| 工程 | 先行工程 | 日数 |
|---|---|---|
| A | — | 5 日 |
| B | — | 4 日 |
| C | — | 3 日 |
| D | B・C | 2 日 |
| E | A | 5 日 |
| F | D | 2 日 |
| G | D | 5 日 |
ア.7 イ.8 ウ.10 エ.11 ── どれでしょうか。
| 道 | 日数 |
|---|---|
| A → E | 5 + 5 = 10 |
| B → D → F | 4 + 2 + 2 = 8 |
| B → D → G | 4 + 2 + 5 = 11 |
| C → D → F | 3 + 2 + 2 = 7 |
| C → D → G | 3 + 2 + 5 = 10 |
いちばん長い道が B → D → G の 11 日。
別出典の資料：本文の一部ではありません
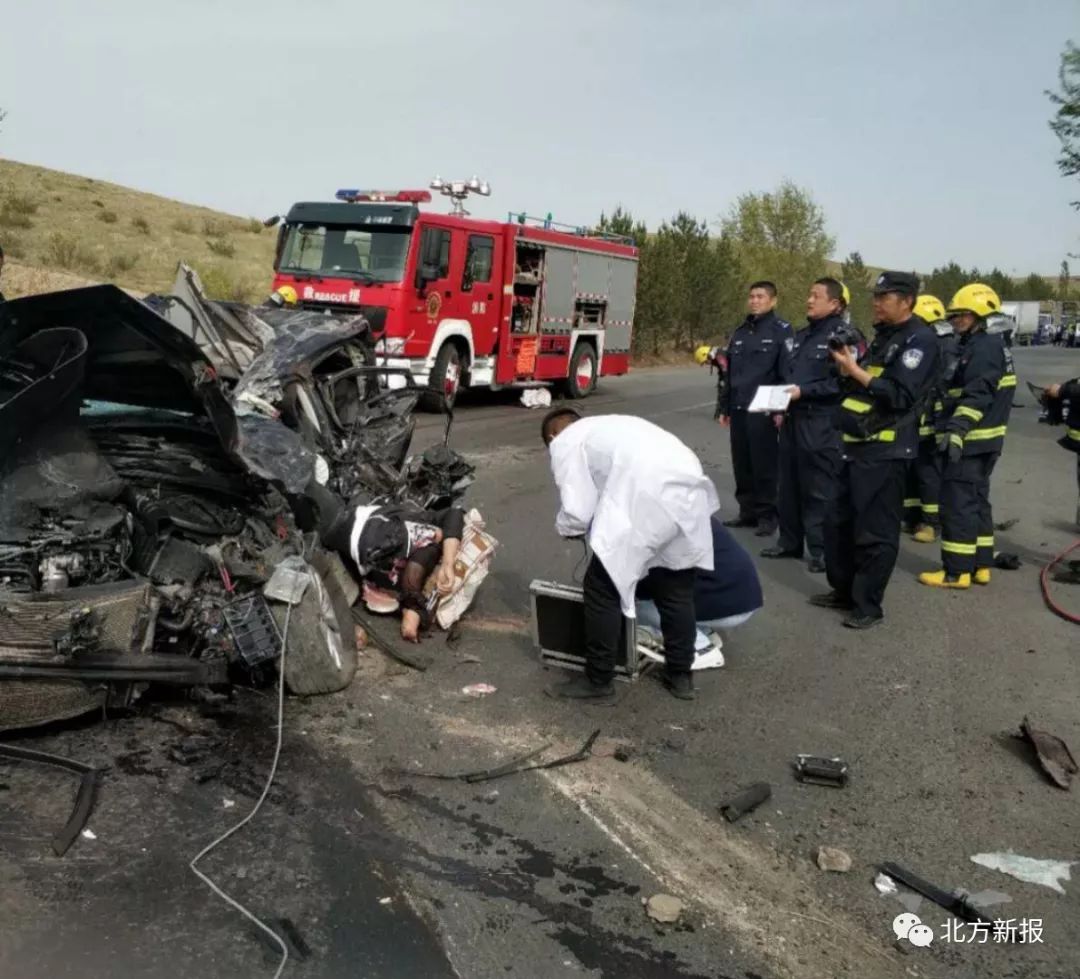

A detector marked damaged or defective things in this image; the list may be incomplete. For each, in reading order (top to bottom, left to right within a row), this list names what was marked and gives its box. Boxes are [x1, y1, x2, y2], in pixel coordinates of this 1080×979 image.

destroyed vehicle [0, 280, 472, 732] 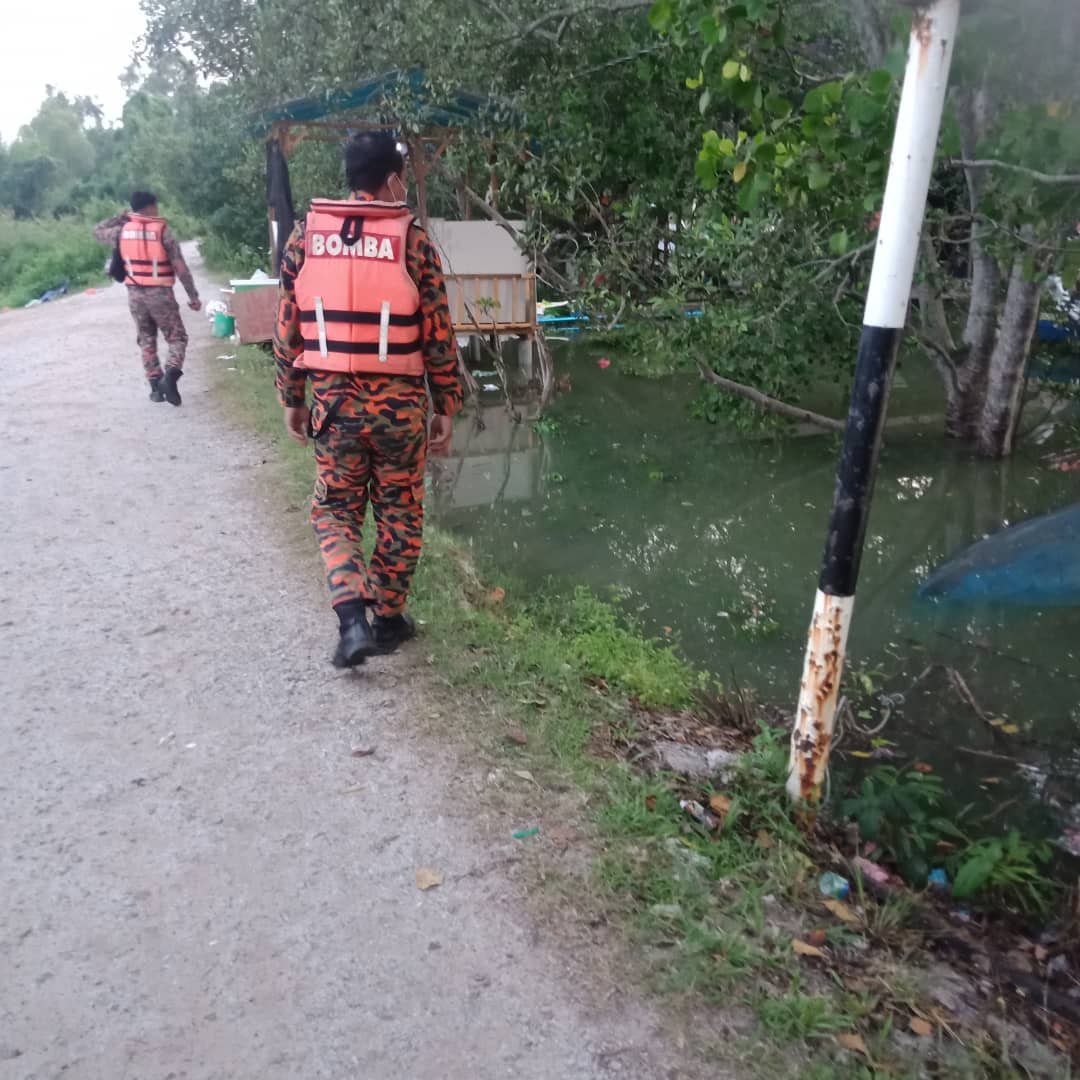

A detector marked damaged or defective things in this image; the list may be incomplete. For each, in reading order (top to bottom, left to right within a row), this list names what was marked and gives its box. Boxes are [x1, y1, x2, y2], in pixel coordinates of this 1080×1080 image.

答えはエです。 全体の完了は「いちばん遅い道」で決まります。ここがクリティカルパスです。
道を全部数え上げる方法は、工程が増えるとすぐ破綻します(道の数が爆発する)。 だから前回の前進計算・後退計算を使います。 工程の数に比例する手間で済み、しかも余裕まで一度に求まります。
クリティカルパス上にない工程をいくら短縮しても、全体は 1 日も早くなりません。 たとえば上の例で工程 F(余裕 3 日)を 2 日から 1 日に縮めても、完了は 11 日のままです。 急ぐべきは B・D・G のどれかです。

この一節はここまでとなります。